— Problem details —
Output, word for word, the line that contains "2021 Chevrolet Tahoe High Country photo 3" and all lines following it to the end of the listing. Drop the pictures.
· · · · · · ·
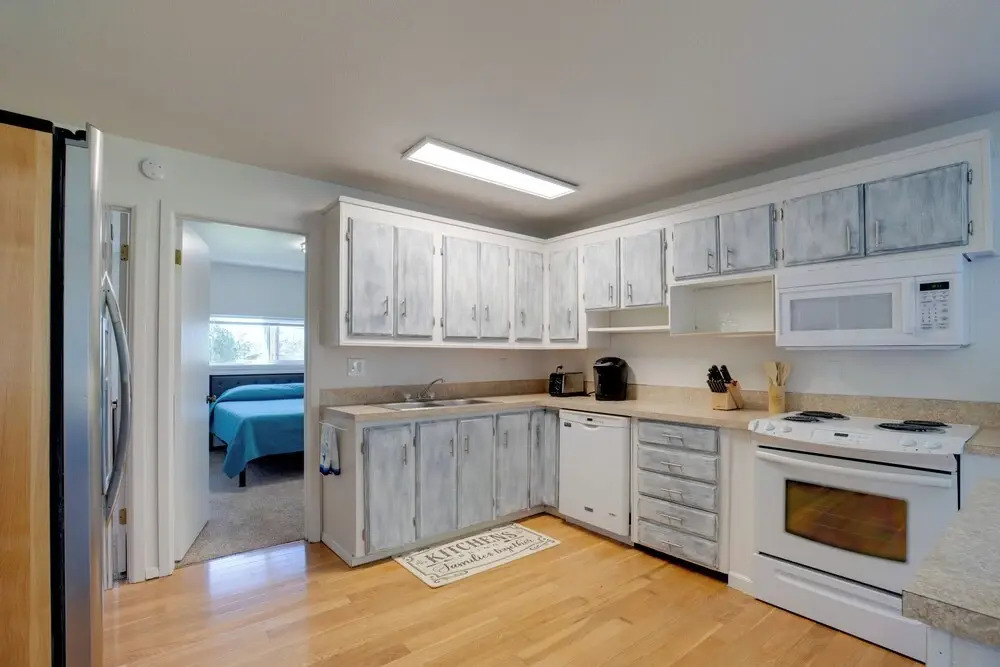 Bay City Vacation Rental Escape ~ 5 Mi to Marina!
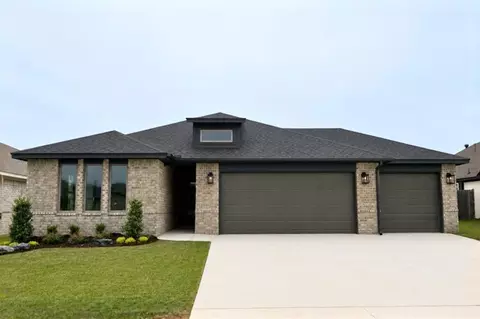 3305 Gunnison River Dr, Yukon, OK 73099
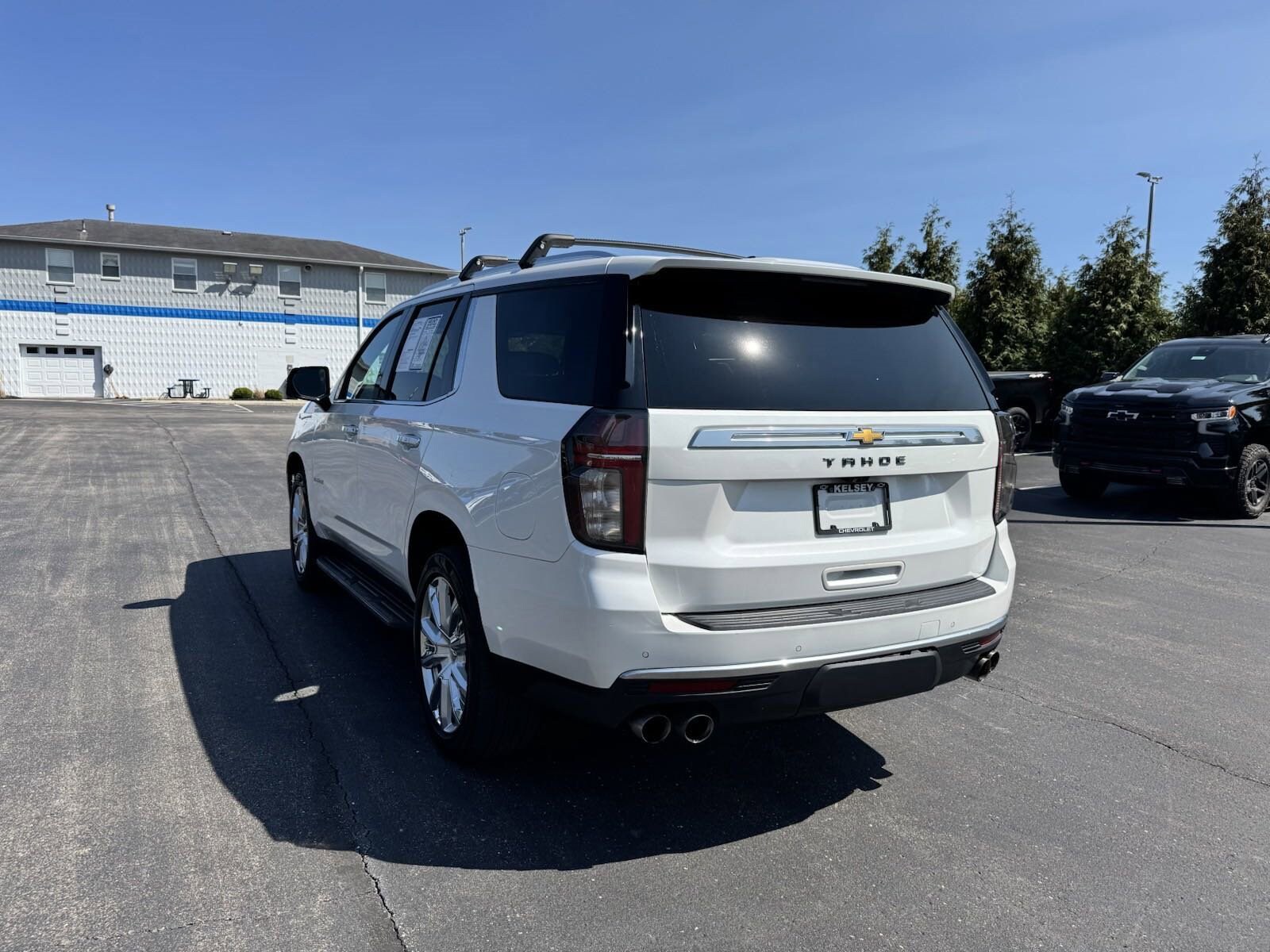 2021 Chevrolet Tahoe High Country photo 3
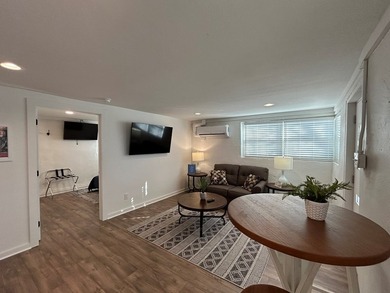 Single story 1920's cottage renovated to be a 3/2 with full - photo 42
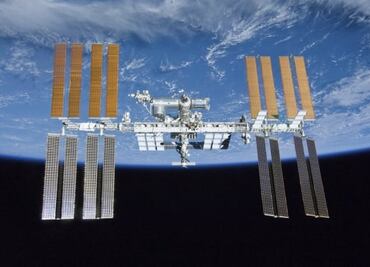 Astronautas en la Estación Espacial Internacional se refugian en sus cápsulas debido a ruptura de un satélite
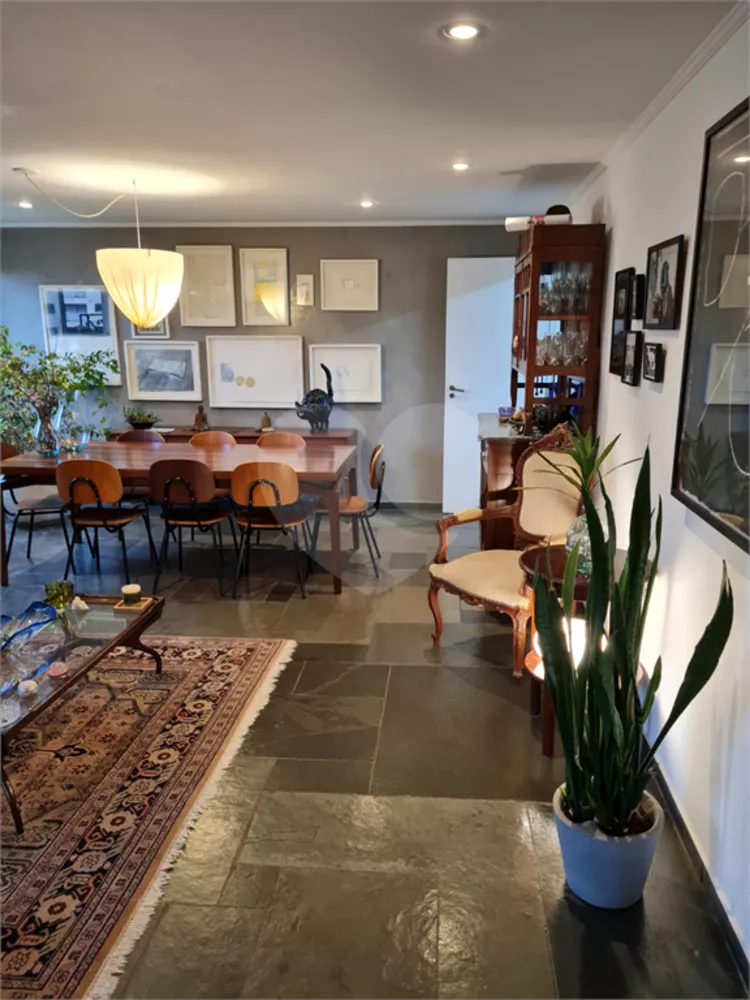 Apartamento, 3 quartos, 220 m² - Foto 2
· · · · · · ·
— Exercise result —
 2021 Chevrolet Tahoe High Country photo 3
 Single story 1920's cottage renovated to be a 3/2 with full - photo 42
 Astronautas en la Estación Espacial Internacional se refugian en sus cápsulas debido a ruptura de un satélite
 Apartamento, 3 quartos, 220 m² - Foto 2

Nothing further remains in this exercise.